> _Task instructions_: What you return should be only the lines in the entries below between the one holding "Bacon, a male" and the one holding "古董插图:Gymnotus，带状刀鱼", ends included, with every picture left out.

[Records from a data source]

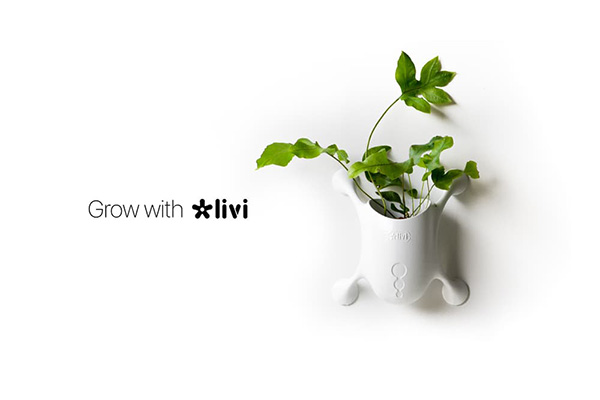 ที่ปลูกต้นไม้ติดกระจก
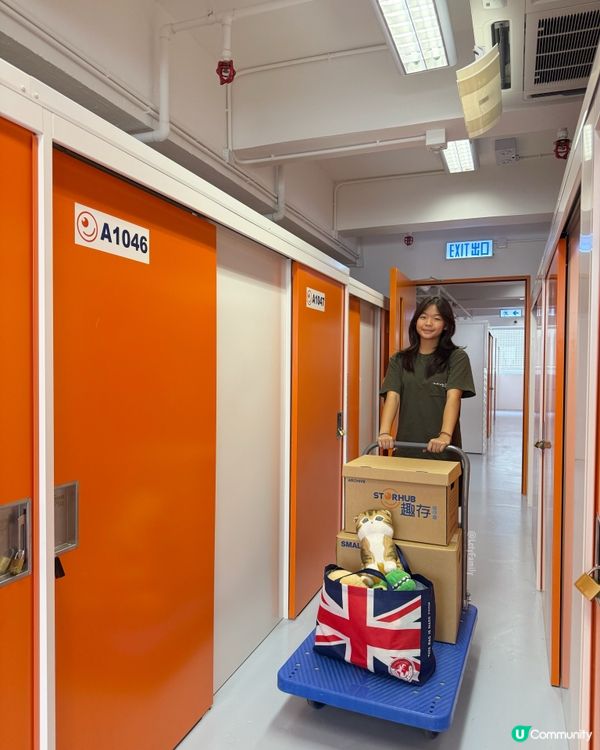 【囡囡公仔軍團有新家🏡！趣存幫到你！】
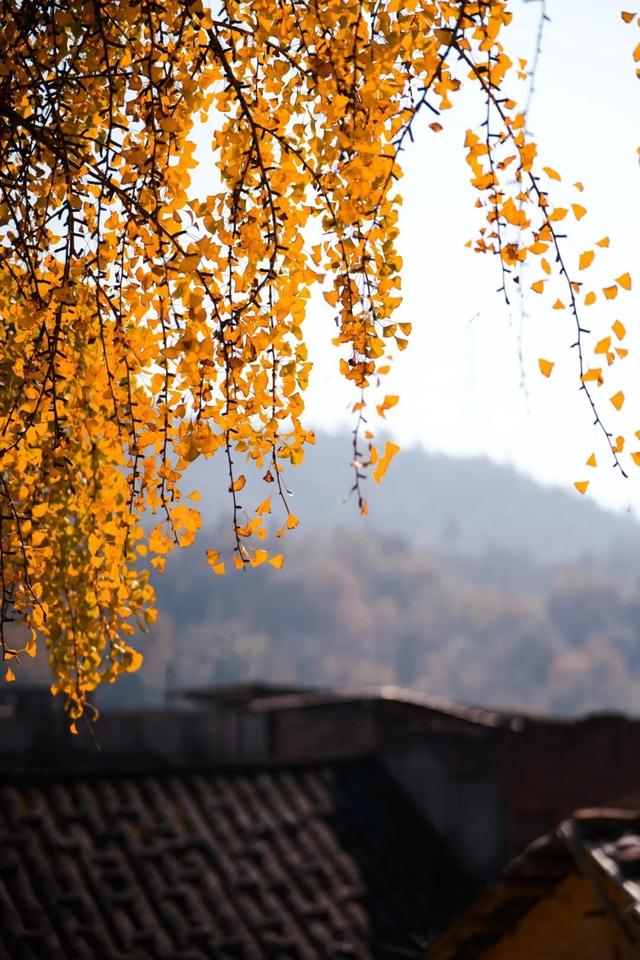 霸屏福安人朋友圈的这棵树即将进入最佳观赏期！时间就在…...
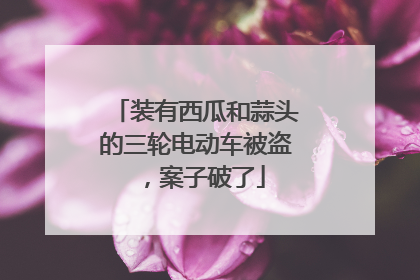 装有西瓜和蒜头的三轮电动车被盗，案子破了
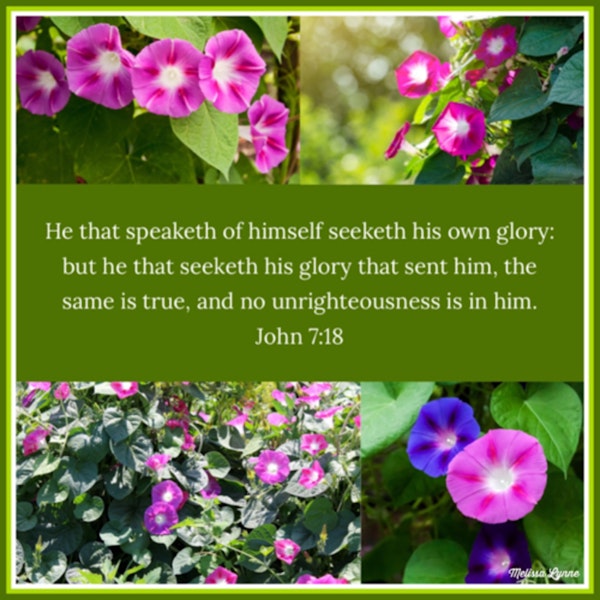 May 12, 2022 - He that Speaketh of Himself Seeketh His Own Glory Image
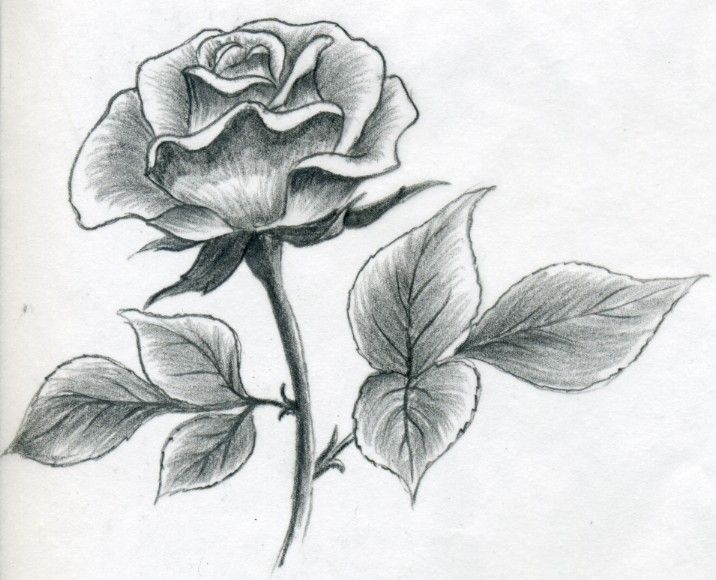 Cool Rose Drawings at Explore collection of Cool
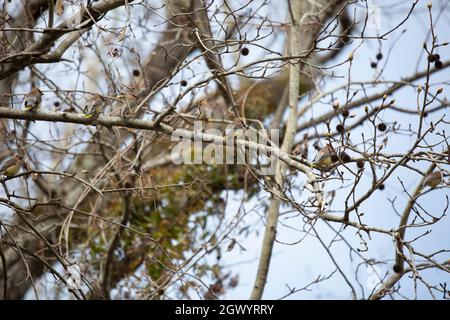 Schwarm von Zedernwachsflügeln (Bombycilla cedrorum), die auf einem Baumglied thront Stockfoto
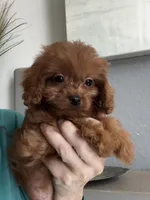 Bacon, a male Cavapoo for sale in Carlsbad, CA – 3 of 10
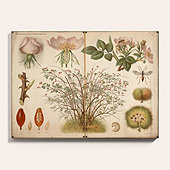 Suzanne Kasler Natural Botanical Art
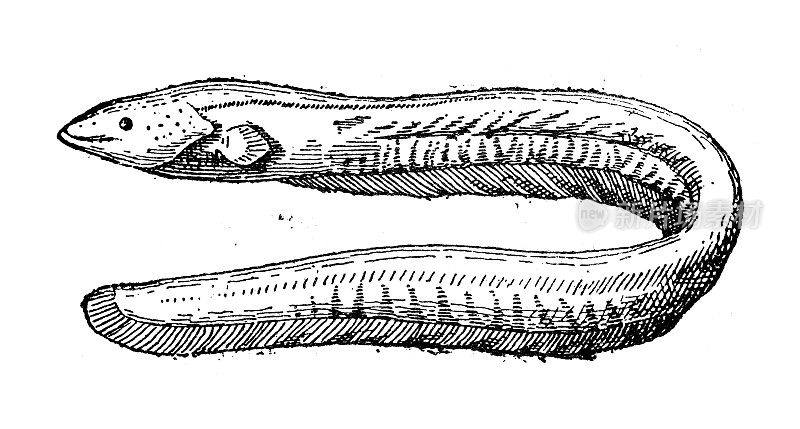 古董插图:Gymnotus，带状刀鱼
--
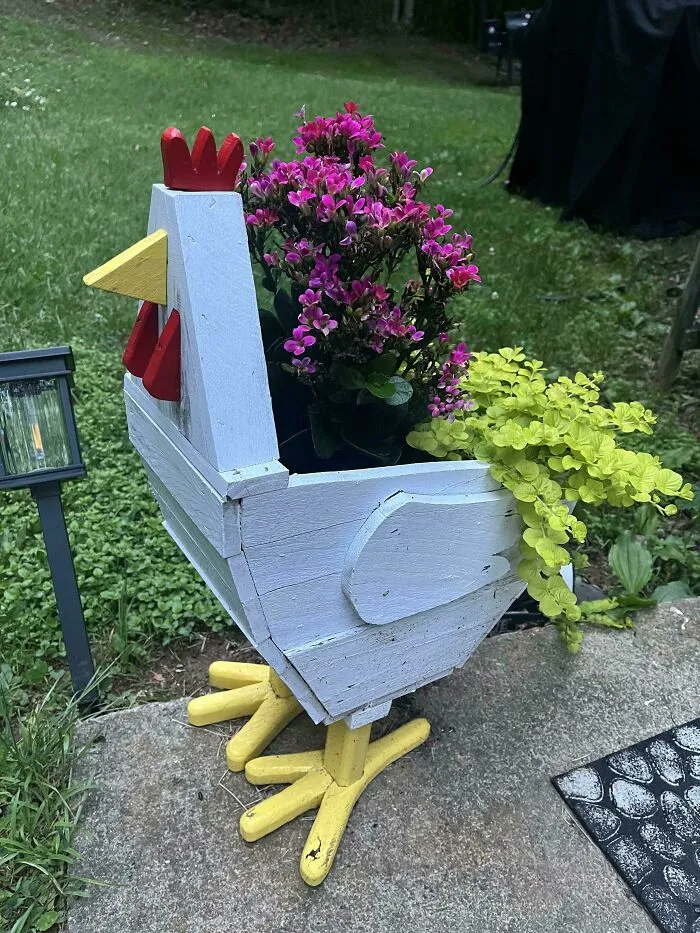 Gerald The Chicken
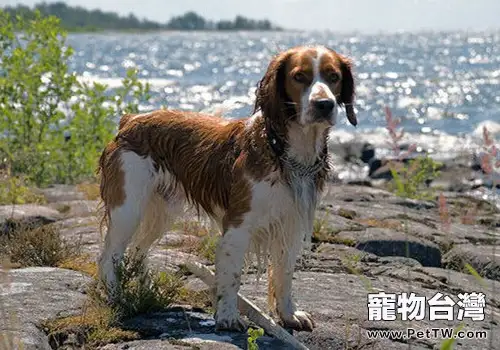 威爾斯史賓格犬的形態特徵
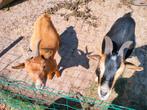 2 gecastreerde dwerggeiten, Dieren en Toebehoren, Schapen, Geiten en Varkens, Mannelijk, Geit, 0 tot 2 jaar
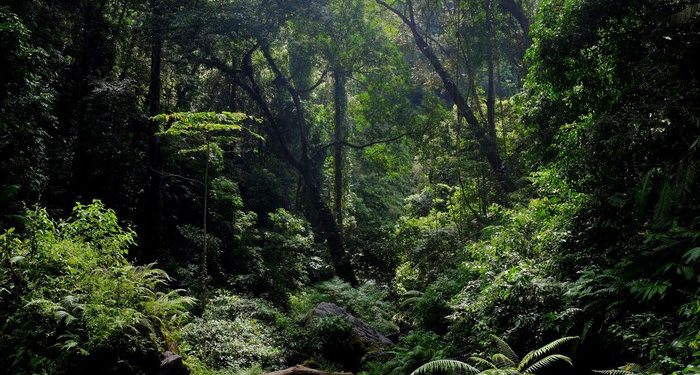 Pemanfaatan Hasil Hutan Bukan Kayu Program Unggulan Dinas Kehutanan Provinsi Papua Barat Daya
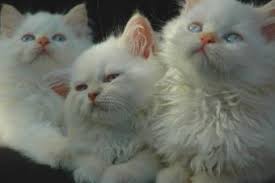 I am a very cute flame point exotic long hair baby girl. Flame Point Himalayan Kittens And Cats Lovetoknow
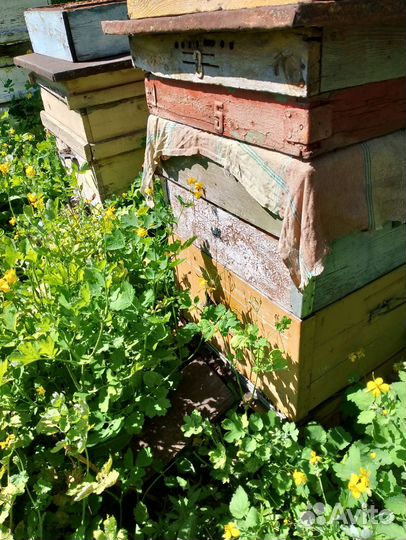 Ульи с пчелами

> _Your solution_:
 Bacon, a male Cavapoo for sale in Carlsbad, CA – 3 of 10
 Suzanne Kasler Natural Botanical Art
 古董插图:Gymnotus，带状刀鱼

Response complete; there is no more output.